North Korea was yesterday evening reported to have put military on its west coast on high alert in readiness for the exercises.

Russia and China have both urged South Korea to cancel the drills, while an emergency UN Security Council consultation session convened on Moscow's urging and due to begin yesterday evening was expected to issue a statement aimed at calming tensions.

Bill Richardson, the governor of New Mexico and a former US ambassador to the United Nations, on an unofficial visit to Pyongyang, said he hoped the UN Security Council would pass "a strong resolution" urging restraint on both sides.

"A UN resolution could provide cover for all sides that prevents aggressive military action," he said on CNN.

Mr Richardson, a regular visitor to Pyongyang who was travelling in a private capacity, said North Korea should show "maximum restraint" to the exercises. On Saturday he warned tensions had turned the peninsula into a "tinderbox".

Ahead of yesterday's Security Council meeting, Russia's envoy to the United Nations, Vitaly Churkin, said the body "must send a restraining signal" to the two Koreas and "help launch diplomatic activity with a view to resolving all issues of dispute between the two Korean sides".

Yesterday, South Korea said it would press ahead with the military exercises, which Washington has said it supports.

"The planned firing drill is part of the usual exercises conducted by our troops based on Yeonpyeong Island. The drill can be justifiable, as it will occur within our territorial waters," said a South Korean Joint Chiefs of Staff official, according to the South Korean Yonhap news agency.

"We won't take into consideration North Korean threats and diplomatic situations before holding the live-fire drill. If weather permits, it will be held as scheduled."

South Korea originally said it would carry out live-firing exercises from Yeonpyeong between December 18 and 21, but bad weather prevented them from being carried out during the past two days. Yonhap reported that Vulcan guns, 105mm light howitzers and K-9 self-propelled howitzers would be involved in the exercise.

It was similar military drills involving firing into the waters off Yeonpyeong that triggered the North's artillery barrage on November 23.

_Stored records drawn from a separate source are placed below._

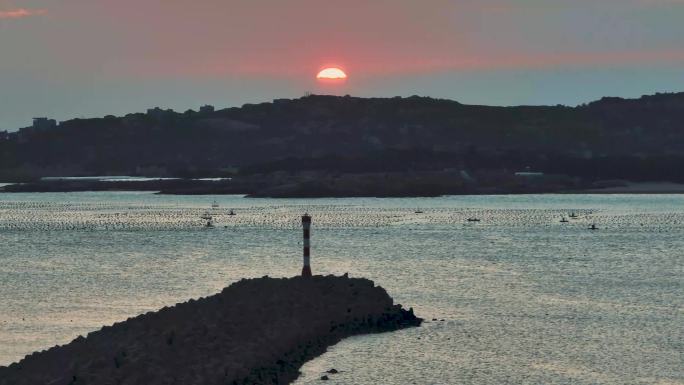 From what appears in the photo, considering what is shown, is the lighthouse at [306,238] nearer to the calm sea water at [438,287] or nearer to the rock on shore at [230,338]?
the rock on shore at [230,338]

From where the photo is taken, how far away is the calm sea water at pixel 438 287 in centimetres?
2455

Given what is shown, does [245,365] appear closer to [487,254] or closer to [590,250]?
[487,254]

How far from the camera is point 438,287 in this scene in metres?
40.7

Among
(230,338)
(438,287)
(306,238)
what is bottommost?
(438,287)

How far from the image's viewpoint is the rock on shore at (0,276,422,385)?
20.8m

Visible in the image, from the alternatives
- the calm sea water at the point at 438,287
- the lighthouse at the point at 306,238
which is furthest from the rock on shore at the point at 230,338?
the calm sea water at the point at 438,287

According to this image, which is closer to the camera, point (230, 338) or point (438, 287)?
point (230, 338)

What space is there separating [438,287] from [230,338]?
17793 mm

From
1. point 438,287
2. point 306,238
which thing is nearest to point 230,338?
point 306,238

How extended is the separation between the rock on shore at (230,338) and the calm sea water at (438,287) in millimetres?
698

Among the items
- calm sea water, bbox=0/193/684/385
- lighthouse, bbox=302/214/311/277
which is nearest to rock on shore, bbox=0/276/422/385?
lighthouse, bbox=302/214/311/277

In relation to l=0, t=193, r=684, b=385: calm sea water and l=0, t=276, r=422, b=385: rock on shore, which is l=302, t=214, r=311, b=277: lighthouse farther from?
l=0, t=193, r=684, b=385: calm sea water

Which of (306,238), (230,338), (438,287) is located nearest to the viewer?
(230,338)

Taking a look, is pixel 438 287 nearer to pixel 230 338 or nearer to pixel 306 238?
pixel 306 238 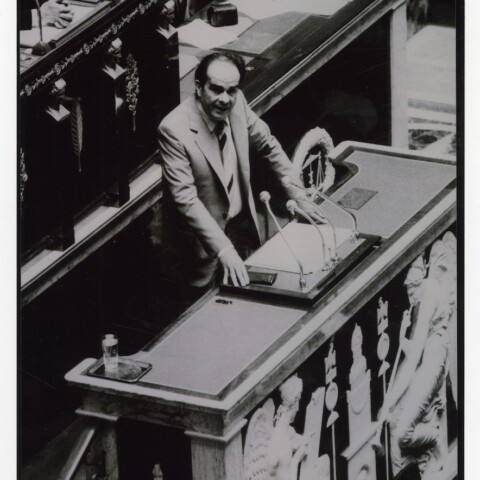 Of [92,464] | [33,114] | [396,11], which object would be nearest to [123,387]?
[92,464]

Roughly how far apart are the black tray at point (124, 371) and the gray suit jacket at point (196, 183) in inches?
21.2

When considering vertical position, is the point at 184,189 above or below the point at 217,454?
above

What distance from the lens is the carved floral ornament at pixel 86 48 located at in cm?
621

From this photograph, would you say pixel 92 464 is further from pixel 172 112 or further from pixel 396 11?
pixel 396 11

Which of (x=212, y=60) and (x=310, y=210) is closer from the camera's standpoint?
(x=212, y=60)

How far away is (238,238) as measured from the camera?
674cm

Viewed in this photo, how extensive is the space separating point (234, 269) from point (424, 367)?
127 centimetres

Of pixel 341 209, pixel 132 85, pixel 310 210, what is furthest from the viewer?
pixel 341 209

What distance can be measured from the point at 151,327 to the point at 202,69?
1253 mm

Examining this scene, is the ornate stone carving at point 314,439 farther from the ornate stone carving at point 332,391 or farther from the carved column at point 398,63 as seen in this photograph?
the carved column at point 398,63

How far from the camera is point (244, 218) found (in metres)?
6.75

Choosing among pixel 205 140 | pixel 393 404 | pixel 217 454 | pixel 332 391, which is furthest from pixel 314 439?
pixel 205 140

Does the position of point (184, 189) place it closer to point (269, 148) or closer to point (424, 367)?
point (269, 148)

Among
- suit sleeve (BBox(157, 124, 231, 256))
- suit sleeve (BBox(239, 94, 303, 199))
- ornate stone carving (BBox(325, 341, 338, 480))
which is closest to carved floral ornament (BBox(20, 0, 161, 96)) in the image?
suit sleeve (BBox(157, 124, 231, 256)) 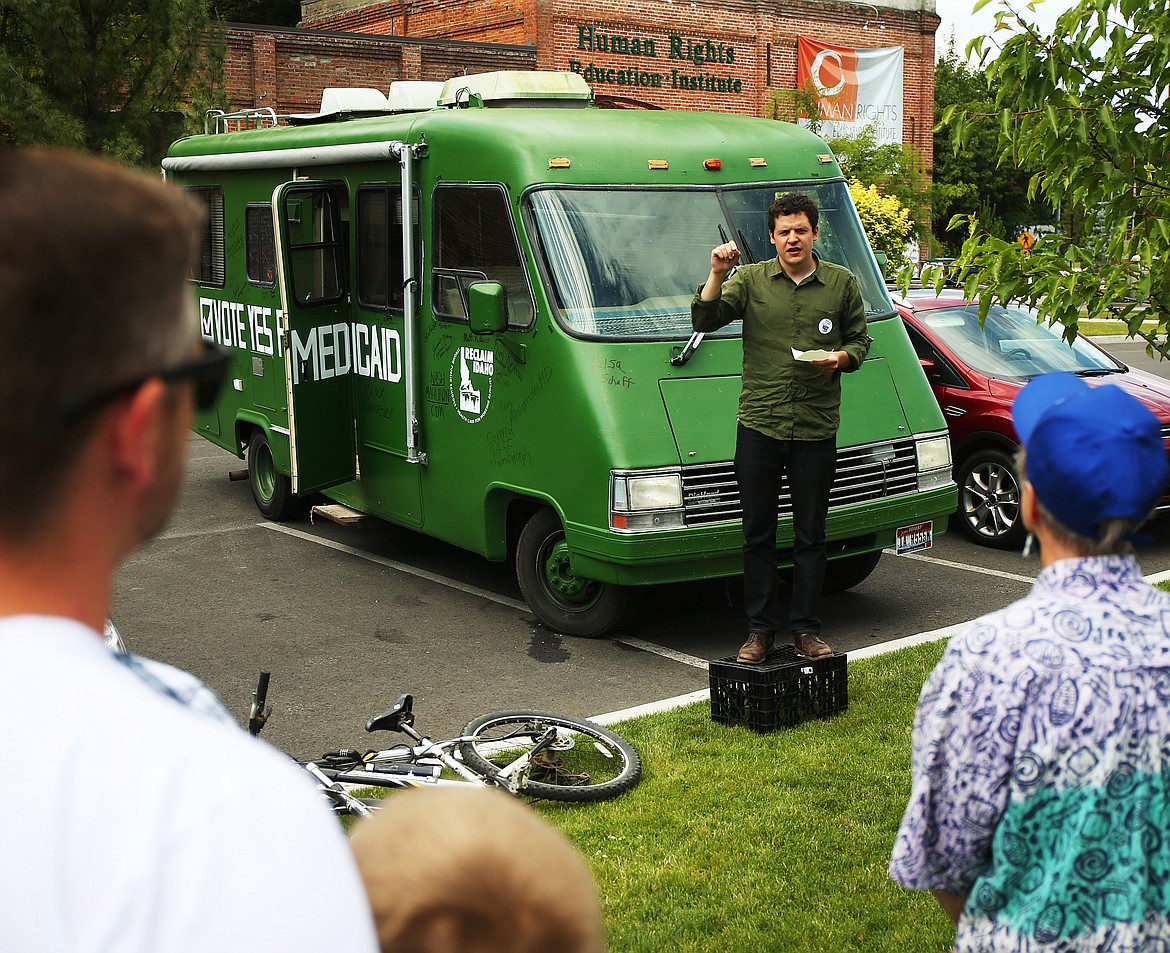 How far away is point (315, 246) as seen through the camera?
9.53 m

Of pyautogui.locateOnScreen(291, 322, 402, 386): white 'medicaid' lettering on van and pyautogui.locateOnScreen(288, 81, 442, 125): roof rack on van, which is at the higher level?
pyautogui.locateOnScreen(288, 81, 442, 125): roof rack on van

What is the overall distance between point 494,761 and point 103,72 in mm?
13618

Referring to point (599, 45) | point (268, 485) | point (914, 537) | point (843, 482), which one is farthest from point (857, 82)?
point (843, 482)

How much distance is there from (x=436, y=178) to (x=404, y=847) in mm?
7558

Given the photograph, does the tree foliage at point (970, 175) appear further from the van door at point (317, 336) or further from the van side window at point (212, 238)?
the van door at point (317, 336)

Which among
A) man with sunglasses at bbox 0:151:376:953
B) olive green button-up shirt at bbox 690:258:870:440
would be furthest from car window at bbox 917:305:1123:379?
man with sunglasses at bbox 0:151:376:953

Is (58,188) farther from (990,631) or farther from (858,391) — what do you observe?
(858,391)

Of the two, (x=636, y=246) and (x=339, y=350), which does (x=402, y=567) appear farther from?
(x=636, y=246)

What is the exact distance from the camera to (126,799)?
3.43ft

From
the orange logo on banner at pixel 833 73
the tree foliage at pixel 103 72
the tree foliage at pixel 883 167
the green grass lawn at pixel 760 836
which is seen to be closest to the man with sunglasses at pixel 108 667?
the green grass lawn at pixel 760 836

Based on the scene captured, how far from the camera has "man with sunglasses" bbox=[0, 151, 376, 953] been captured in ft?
3.37

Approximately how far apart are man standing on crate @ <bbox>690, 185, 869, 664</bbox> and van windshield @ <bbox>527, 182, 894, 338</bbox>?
3.21 ft

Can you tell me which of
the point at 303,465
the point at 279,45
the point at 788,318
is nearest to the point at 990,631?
the point at 788,318

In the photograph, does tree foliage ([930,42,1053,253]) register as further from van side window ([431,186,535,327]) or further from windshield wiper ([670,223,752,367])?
windshield wiper ([670,223,752,367]) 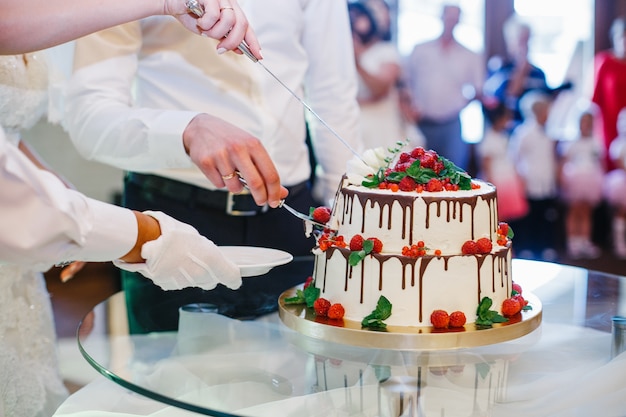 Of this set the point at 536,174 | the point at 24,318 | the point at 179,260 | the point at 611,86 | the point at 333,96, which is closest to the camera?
the point at 179,260

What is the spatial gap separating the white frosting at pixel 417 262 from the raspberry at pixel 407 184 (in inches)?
1.1

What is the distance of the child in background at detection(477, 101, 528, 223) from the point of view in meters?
6.45

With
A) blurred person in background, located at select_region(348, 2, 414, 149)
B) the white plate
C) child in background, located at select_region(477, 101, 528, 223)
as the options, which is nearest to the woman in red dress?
child in background, located at select_region(477, 101, 528, 223)

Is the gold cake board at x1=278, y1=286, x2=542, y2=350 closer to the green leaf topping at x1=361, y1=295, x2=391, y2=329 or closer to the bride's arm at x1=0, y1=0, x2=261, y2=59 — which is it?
the green leaf topping at x1=361, y1=295, x2=391, y2=329

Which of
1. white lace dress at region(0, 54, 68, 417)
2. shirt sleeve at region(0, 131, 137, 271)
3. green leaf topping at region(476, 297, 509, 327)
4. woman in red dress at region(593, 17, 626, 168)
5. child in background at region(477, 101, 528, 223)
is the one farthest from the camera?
woman in red dress at region(593, 17, 626, 168)

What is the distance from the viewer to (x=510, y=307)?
168 cm

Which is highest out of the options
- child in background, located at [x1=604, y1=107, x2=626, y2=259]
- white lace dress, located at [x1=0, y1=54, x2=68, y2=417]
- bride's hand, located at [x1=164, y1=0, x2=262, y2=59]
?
bride's hand, located at [x1=164, y1=0, x2=262, y2=59]

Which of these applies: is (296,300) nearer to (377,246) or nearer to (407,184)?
(377,246)

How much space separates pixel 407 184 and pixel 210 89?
2.53ft

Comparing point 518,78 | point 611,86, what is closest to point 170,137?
point 518,78

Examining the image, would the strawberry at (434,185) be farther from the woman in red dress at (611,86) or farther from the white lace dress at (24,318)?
the woman in red dress at (611,86)

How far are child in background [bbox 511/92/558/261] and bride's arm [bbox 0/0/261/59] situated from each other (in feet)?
17.0

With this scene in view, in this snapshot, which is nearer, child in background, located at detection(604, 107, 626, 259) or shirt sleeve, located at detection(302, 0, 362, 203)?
shirt sleeve, located at detection(302, 0, 362, 203)

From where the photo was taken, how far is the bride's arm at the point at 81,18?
5.39 feet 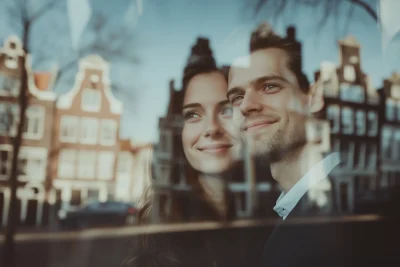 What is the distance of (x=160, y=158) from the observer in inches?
64.4

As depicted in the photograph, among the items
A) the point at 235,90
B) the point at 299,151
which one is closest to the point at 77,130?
the point at 235,90

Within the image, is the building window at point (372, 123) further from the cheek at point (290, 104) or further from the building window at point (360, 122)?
the cheek at point (290, 104)

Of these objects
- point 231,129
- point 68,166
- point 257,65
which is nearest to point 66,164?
point 68,166

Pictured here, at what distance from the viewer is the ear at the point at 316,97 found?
1794 millimetres

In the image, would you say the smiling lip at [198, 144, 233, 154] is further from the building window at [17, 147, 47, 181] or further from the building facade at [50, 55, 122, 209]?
the building window at [17, 147, 47, 181]

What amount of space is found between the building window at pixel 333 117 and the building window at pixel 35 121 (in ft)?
3.97

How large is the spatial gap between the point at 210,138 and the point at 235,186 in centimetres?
23

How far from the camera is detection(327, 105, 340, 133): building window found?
72.1 inches

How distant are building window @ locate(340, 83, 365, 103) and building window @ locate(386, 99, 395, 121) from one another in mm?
146

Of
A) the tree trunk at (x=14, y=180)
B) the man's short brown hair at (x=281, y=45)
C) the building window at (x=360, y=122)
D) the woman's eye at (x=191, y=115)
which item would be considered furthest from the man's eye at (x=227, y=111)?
the tree trunk at (x=14, y=180)

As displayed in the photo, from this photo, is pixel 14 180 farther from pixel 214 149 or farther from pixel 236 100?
pixel 236 100

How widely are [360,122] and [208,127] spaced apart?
755 millimetres

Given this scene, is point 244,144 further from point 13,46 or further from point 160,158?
point 13,46

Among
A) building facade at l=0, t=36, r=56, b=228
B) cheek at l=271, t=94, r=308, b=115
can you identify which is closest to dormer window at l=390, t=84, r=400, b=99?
cheek at l=271, t=94, r=308, b=115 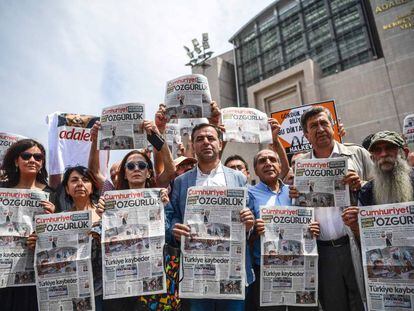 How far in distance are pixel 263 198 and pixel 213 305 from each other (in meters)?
1.19

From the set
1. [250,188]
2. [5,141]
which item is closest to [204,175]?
[250,188]

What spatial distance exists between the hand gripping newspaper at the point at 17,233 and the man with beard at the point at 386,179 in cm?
280

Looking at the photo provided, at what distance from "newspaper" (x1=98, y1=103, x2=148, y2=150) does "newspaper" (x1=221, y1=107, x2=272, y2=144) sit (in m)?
1.37

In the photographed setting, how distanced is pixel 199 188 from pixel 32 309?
192 cm

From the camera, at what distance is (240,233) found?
2885 millimetres

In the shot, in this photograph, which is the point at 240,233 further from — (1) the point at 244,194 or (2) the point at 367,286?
(2) the point at 367,286

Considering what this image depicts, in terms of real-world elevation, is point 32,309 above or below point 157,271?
below

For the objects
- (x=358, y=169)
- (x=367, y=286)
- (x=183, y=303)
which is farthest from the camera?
(x=358, y=169)

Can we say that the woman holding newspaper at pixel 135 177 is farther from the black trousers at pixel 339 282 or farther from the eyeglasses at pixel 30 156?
the black trousers at pixel 339 282

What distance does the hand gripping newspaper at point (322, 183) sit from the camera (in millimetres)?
2977

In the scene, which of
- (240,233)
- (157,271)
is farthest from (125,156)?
(240,233)

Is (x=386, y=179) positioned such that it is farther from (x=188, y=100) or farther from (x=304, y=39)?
(x=304, y=39)

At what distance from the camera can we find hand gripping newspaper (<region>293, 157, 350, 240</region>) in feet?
9.77

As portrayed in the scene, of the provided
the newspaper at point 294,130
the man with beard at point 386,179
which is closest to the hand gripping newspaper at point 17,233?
the man with beard at point 386,179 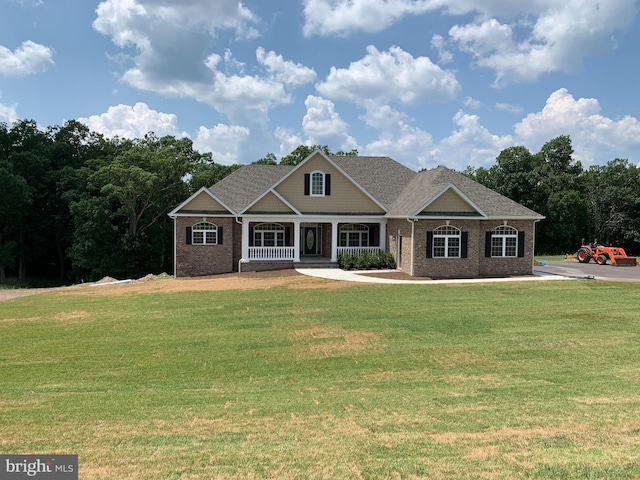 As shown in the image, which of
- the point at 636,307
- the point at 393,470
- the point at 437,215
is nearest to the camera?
the point at 393,470

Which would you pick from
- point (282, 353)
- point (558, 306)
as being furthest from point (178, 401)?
point (558, 306)

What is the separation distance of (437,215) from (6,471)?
20.1 meters

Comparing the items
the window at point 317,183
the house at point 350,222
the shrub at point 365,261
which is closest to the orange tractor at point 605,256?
the house at point 350,222

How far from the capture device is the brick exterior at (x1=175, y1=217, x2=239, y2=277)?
25922mm

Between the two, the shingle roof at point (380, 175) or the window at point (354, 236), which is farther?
the shingle roof at point (380, 175)

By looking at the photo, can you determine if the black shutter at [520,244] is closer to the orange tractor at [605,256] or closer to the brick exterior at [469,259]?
the brick exterior at [469,259]

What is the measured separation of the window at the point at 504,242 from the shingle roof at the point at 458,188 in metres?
0.78

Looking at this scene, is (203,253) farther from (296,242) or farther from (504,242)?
(504,242)

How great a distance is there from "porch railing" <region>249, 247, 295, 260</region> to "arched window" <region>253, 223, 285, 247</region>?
4.30 ft

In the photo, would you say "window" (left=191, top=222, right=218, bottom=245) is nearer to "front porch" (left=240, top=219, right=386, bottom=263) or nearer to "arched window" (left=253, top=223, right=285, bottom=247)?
"front porch" (left=240, top=219, right=386, bottom=263)

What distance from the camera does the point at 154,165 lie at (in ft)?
124

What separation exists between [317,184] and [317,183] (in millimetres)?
59

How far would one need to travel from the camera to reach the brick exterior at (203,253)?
25.9 metres

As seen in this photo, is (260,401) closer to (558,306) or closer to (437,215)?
(558,306)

Pyongyang has insisted it would launch "unpredictable self-defensive blows" on its southern neighbour if the exercises go ahead. Some experts have said a more likely outcome however is that the North will press ahead with its own military exercises, rather than risk a full-scale conflict.

South Korea's Yonhap news agency yesterday quoted a South Korean government source as saying Pyongyang was readying its military on its west coast in advance of the expected start of the exercises.

"The North Korean artillery unit along the Yellow Sea has raised its preparedness level," the official said.

Two young marines and two elderly civilians died in the attack on Yeonpyeong, the first by North Korea on South Korean soil since the end of the Korean war in 1953.

The new South Korean defence minister, Kim Kwan-jin, has vowed to hit back more forcefully, including with air strikes, if the country suffers another attack from North Korea.

The Yeonpyeong incident, which led most of the 1,300 residents of the island to flee and left neighbourhoods as blackened rubble, came soon after the existence of a uranium-enrichment plant in North Korea was revealed by a US scientist given access to the facility.